The second and final “Yet I will . . .” comes in verse 18: “Yet I will rejoice in the Lord; I will take joy in the God of my salvation.” And the prophet says so precisely with the worst-case scenarios on the table:
Though the fig tree should not blossom,
nor fruit be on the vines,
the produce of the olive fail
and the fields yield no food,
the flock be cut off from the fold
and there be no herd in the stalls,
yet I will rejoice in the Lord;
I will take joy in the God of my salvation. (Habakkuk 3:17–18)
In other words, though the supply lines should fail, and the shelves be bare, and the economy tank, and the virus come to our own city, and street, and even home, yet — even then — this newly humbled prophet will rejoice in the Lord. Will we? Not in our supplies. Not in our health. Not in our own security. Not even in the defeat of the enemy. There is one constant, one unassailable surety, one utter security, one haven for true joy in the most challenging of journeys: God himself. He holds himself out to us as he removes our other joys. Will we lean anew into him?
Those puffed up in pride will certainly be destroyed in time, whether sooner or later. But those who welcome God’s humbling hand and bow in faith — in quiet patience and trans-circumstantial joy — will find God himself to be “my strength” in such days (Habakkuk 3:19). So too for us, living by faith in such times will come to expression in patience and joy. But what again might that look like?
Will We Rise in Song?
Among the many ways God may inspire his church in the coming days, we at least have one clue from Habakkuk what such patience and joy sounds like: singing. That’s the stunning and unusual way this short interaction between the prophet and God ends — with the prophet singing praise. That’s why he ends with directions for corporate worship: “To the choirmaster: with stringed instruments.” These final lines are not only a prayer. They are a song for others to join.
There’s not anything else quite like this in all the prophets. Habakkuk begins with as much feistiness and (what seems like) defiance as we find anywhere else. And yet God graciously moves his soul from protest to praise. Which should be an encouragement to those honest enough to admit to finding this pandemic tripping up the feet of our faith so far.

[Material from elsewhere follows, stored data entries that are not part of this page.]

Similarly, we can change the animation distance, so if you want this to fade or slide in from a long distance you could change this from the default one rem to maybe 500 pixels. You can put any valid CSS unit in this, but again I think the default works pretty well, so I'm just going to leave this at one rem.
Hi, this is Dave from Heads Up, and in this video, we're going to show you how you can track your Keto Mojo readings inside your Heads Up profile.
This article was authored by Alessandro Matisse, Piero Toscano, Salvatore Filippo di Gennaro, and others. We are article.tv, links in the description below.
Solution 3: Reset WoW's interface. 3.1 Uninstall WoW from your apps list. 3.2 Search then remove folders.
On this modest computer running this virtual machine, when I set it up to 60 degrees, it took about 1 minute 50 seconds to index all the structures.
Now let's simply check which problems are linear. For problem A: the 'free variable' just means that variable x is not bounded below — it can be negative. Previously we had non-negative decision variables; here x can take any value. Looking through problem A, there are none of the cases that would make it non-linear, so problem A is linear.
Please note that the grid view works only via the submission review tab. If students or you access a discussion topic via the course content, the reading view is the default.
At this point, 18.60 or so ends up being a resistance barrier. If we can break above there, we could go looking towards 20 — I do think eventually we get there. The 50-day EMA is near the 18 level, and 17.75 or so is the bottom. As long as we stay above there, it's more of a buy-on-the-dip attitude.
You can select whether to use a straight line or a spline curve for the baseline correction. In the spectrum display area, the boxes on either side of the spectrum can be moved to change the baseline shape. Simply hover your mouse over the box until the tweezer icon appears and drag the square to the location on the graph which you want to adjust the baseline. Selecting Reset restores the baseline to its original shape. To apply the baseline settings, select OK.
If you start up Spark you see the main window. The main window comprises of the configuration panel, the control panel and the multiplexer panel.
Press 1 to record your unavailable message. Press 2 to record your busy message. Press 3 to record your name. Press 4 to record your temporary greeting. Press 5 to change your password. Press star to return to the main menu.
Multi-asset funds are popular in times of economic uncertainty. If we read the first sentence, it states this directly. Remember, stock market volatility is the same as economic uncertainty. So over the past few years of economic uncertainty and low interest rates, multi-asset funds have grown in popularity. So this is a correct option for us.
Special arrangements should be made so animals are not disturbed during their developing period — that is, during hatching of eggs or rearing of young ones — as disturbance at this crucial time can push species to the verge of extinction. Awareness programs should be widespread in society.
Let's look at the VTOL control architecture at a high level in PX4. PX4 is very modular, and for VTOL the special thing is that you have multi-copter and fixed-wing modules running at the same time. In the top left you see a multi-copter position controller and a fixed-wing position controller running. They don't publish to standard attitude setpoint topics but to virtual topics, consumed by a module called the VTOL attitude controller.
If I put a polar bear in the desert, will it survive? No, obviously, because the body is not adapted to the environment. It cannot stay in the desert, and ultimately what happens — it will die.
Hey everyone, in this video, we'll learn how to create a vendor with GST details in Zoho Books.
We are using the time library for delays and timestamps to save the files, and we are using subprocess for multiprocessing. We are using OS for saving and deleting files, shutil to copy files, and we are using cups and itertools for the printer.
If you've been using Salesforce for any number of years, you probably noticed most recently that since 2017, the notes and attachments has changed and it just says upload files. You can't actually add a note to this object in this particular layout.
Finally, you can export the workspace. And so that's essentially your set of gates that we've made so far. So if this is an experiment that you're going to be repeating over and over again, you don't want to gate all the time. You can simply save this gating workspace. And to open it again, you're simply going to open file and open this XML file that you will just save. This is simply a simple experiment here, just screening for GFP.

As we’ve seen, Habakkuk didn’t come into the news gracefully. Yet God met him there, in his pride and defiance and fear. The little prophet foolishly took his stand, and God mercifully brought him to his knees. God humbled him, and the prophet received it, humbling himself. He received the disorienting, inconvenient, painful purposes of God in the coming judgment, and he abandoned his protest, bowed in prayer, and rose in praise.
Will we do the same in the lingering confusion and disorientation of the slow-moving uncertainty we’re living in? Will our protests, however justly conceived, lead to bent knees? And will our prayers lead us to sing?